Micron stock slipped 1.4% to $977.92 in premarket trading Friday as South Korean rival SK Hynix made its U.S. market debut with its American depositary receipts listing on the Nasdaq.
The dip came just a day after Micron jumped 7.8% to $1,022 on Thursday. The stock has more than tripled in 2026, though it has pulled back from highs above $1,200 hit in late June.
SK Hynix’s arrival on U.S. markets gives investors a new way to access the memory-chip sector. Barron’s noted the ADRs offer a cheaper entry point into the memory boom compared to Micron, which may lead some investors to split exposure between the two.
SK Hynix is also raising $26.5 billion through the listing. That capital could be deployed into manufacturing capacity, raising the competitive stakes for Micron down the line.
Still, analysts aren’t sounding the alarm. BofA Global Research analyst Vivek Arya reiterated a Buy on Micron this week, setting a price target of $1,550.
Arya estimates Big Tech spending on global cloud and AI infrastructure will hit around $1.5 trillion in 2027 — up 40% to 50% from current levels. Memory is expected to account for 35% to 40% of that total.
“We believe the market is underestimating the transition toward longer-duration agreements and more predictable pricing,” Arya wrote. “As memory evolves from a cyclical commodity to a strategic AI enabler, multiples should expand.”
His $1,550 target is built on a sum-of-the-parts model — applying a price-to-book ratio of roughly 3x to Micron’s traditional memory business and a 31x price-to-earnings multiple to its high-bandwidth memory segment, both based on 2028 estimates.

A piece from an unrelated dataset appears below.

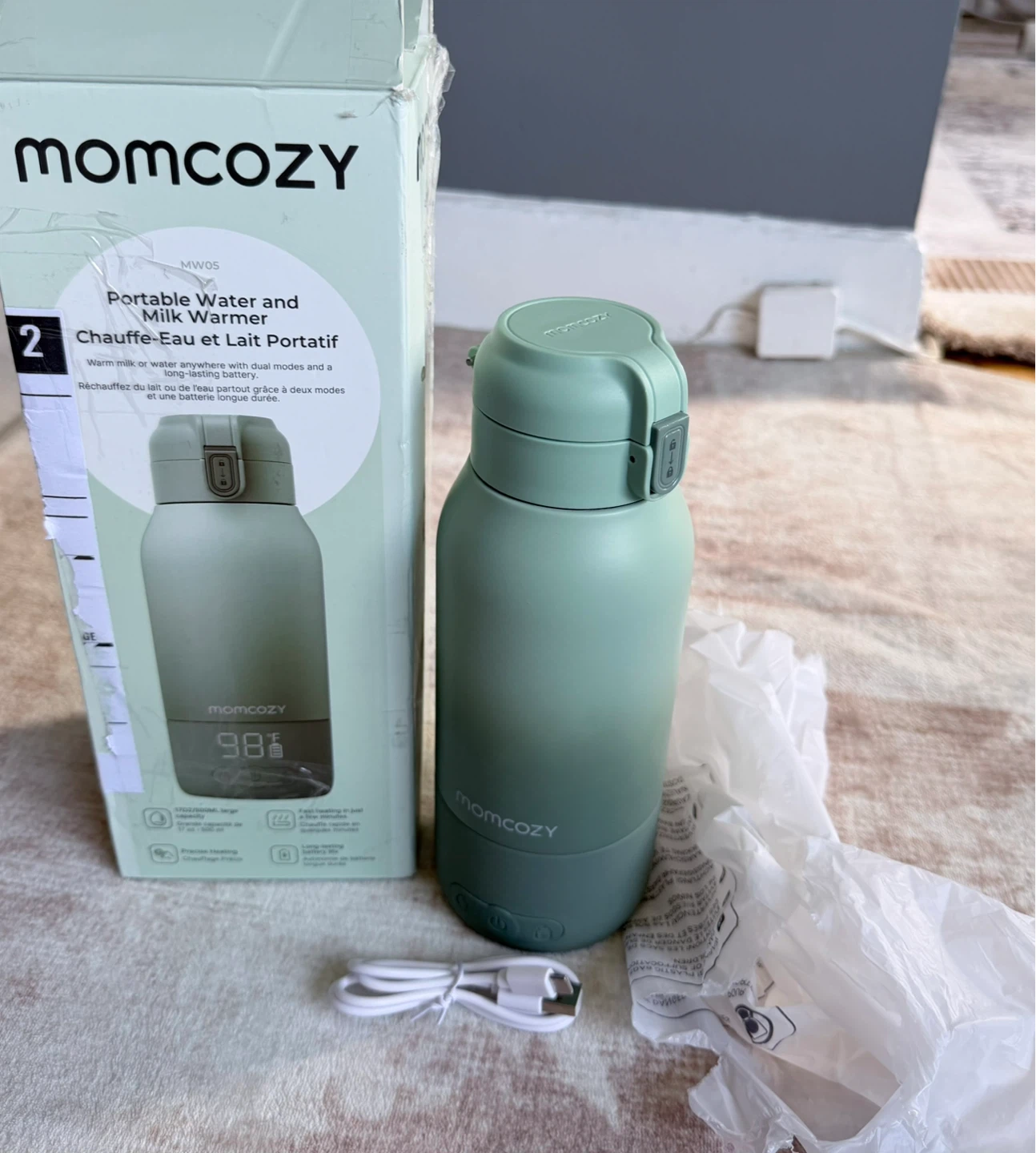Momcozy Portable Milk Warmer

On Thursday, Micron announced it was expanding its U.S. investment plan to $250 billion through 2035, up from a previous commitment of $200 billion. The company said the increase supports its goal of producing 40% of its DRAM output domestically.

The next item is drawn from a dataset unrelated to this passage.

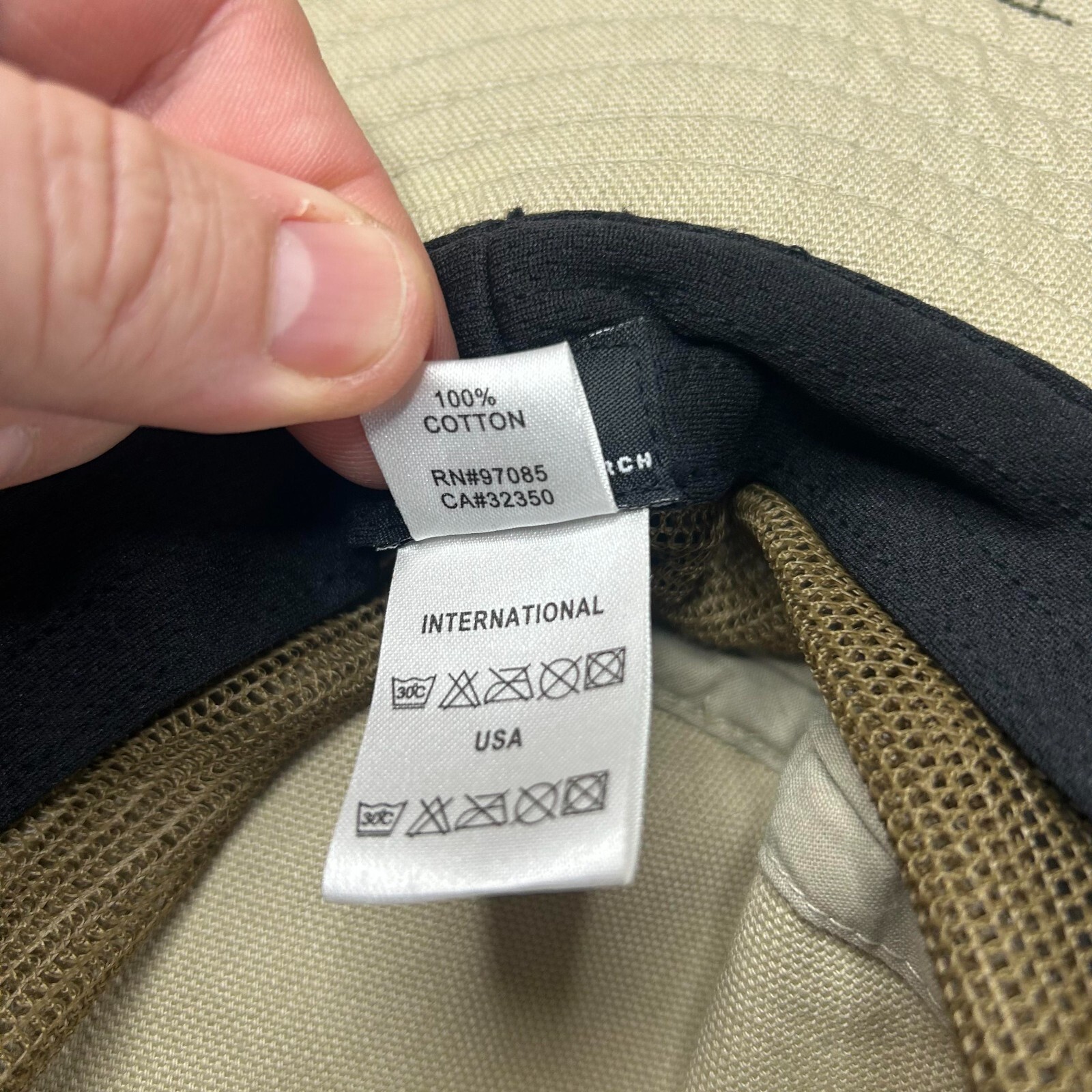 Outdoor Research Brim Hat Khaki Large UPF 50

The plan includes a $100 billion project in New York state that was first announced in 2022 and isn’t expected to begin production until 2030.
Micron also said it will invest up to $3 billion to strengthen the U.S. semiconductor supply chain. Part of that includes $500 million in financing support for GlobalWafers to advance a raw silicon wafer facility in Sherman, Texas, backed by a 10-year supply agreement.

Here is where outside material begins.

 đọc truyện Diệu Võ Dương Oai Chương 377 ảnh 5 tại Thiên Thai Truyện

Portfolio manager Hendi Susanto of the Gabelli Global Technology Leaders ETF pushed back on concerns about capacity flooding the market.
“The main players — Samsung, SK Hynix, and Micron — have demonstrated discipline on capacity expansion for many years now,” Susanto said. “The current market outlook is still expecting demand higher than supply in 2027.”
Micron stock closed up 4.52% on Thursday before the premarket dip Friday.